Some of the most widely circulated allegations originated last month in a chain e-mail from Celeste Davis, an American Christian missionary who, together with her husband Loren Davis, claims to have worked in Kenya for 12 years.

The Davises allege that Senator Obama donated nearly $1 million (approximately Ksh61 million) to the Orange Democratic Movement’s campaign last year. “Obama and Raila speak daily,” the Davises add, claiming that the two men are cousins.

Bizarre and discredited

Mr Odinga’s spokesman, Mr Salim Lone, dismissed the allegations as bizarre and discredited.

“These are bizarre accusations that lack credibility. The allegations that the Prime Minister has socialist and pro-Mulism leanings were discussed and discredited in the last campaign,” he said.

“This is the work of right-wing activists who are trying to puncture holes in Senator Barack Obama’s campaign for the White House by attempting to resurrect allegations that were discredited in Kenya during the campaign,” he said.

Nairobi-based political scientist, Tom Wolf, an American, said that the Internet smear campaign against Mr Obama was an act of desperation.

“It just shows how desperate the Republicans are that Obama is viewed as a serious threat that they would have to use such irrelevant campaign tactics. If the Americans were worried, would they be so close to him? You recall that someone tried to use the Somali robes to discredit him,” he said.

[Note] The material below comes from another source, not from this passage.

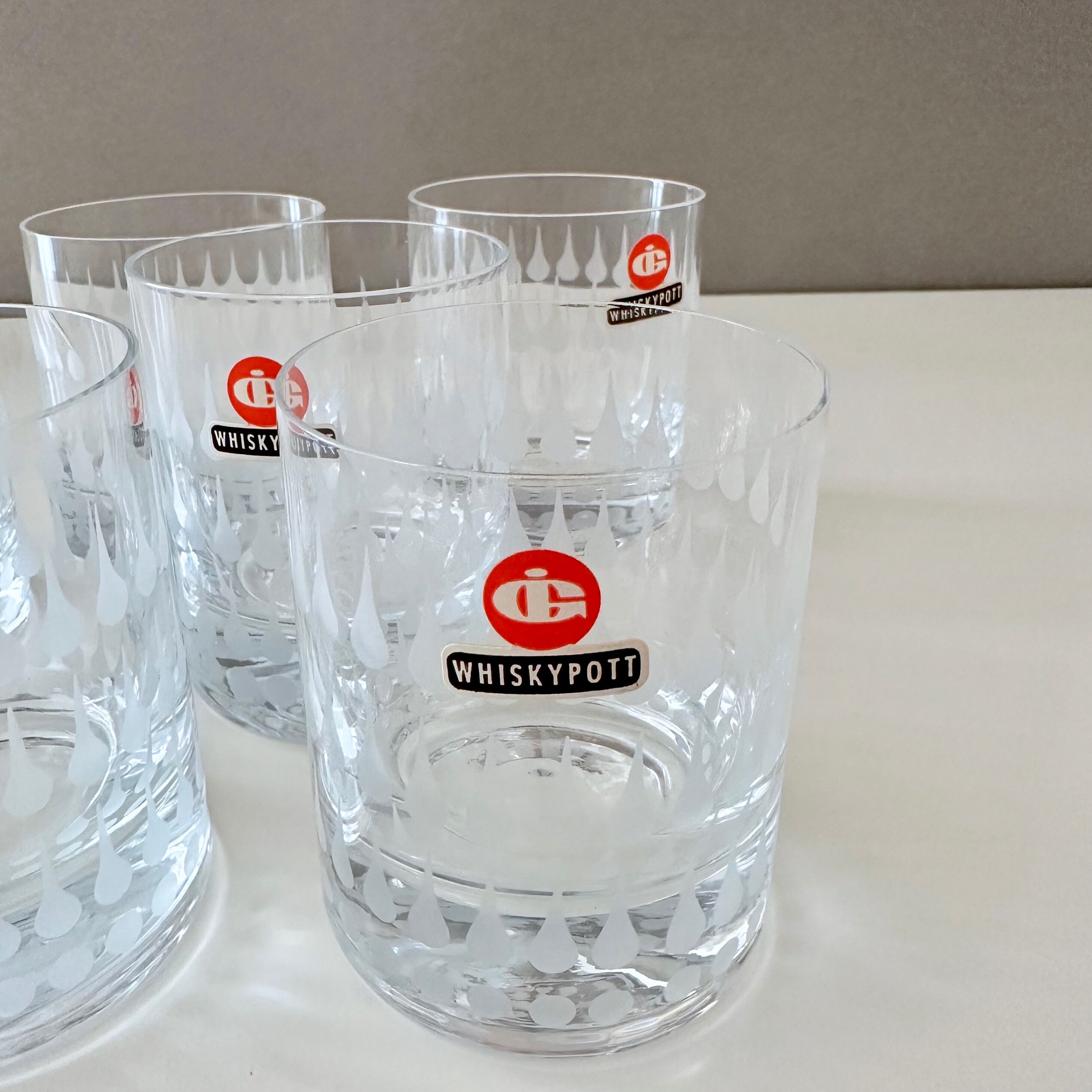 6 Vintage Whiskey Glasses, Ingrid Glas Germany, Bourbon, Mid Century Bar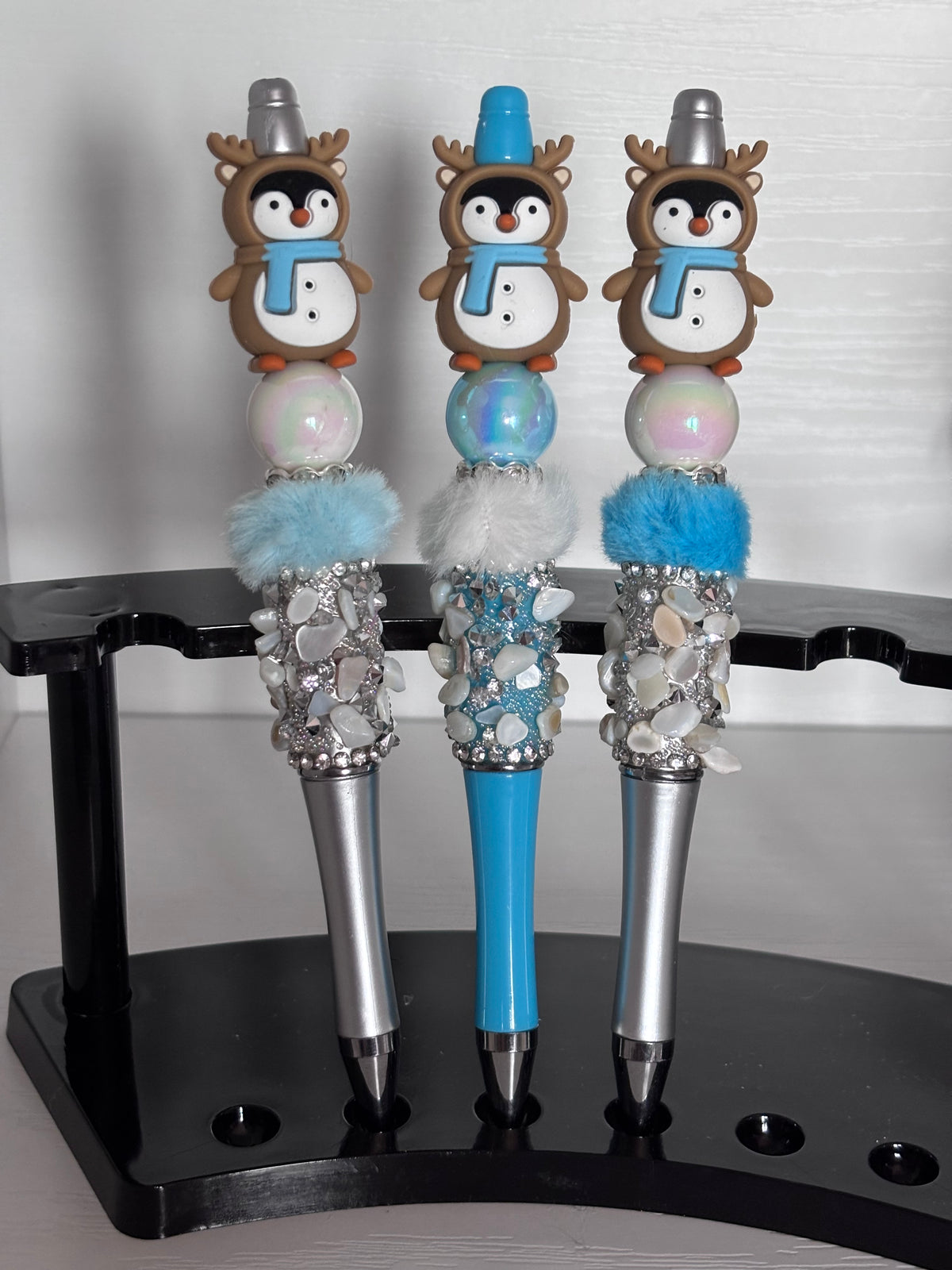 Penguin-Reindeer Beaded Pens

If the Cold War were still on and communism were still alive, and Raila had spent a weekend with some communist leader like Fidel Castro, he said, it would be much more of an issue.

“But if you criticise Obama because he is related to a Kenyan leader who arrived at a compromise over the disputed election to save his nation, how would that hurt him?” Mr Wolf asked.

Mr Lone described the e-mail campaign as one of the last gasp efforts by right-wing activists in the US to dent Senator Obama’s campaign to become the Democratic Party’s standard bearer in the race to the White House.

Mr Lone, however, claimed that Mr Odinga and Senator Obama were related by blood and came from the same clan.

“It is true that the Prime Minister and the senator are related. Senator Obama comes from a family and clan to which the Prime Minister’s mother belongs, and they are cousins,” he said.

In the American sense, a cousin is the child of your parents’ siblings. But in Luo culture, the members of your father’s or mother’s clans are your cousins.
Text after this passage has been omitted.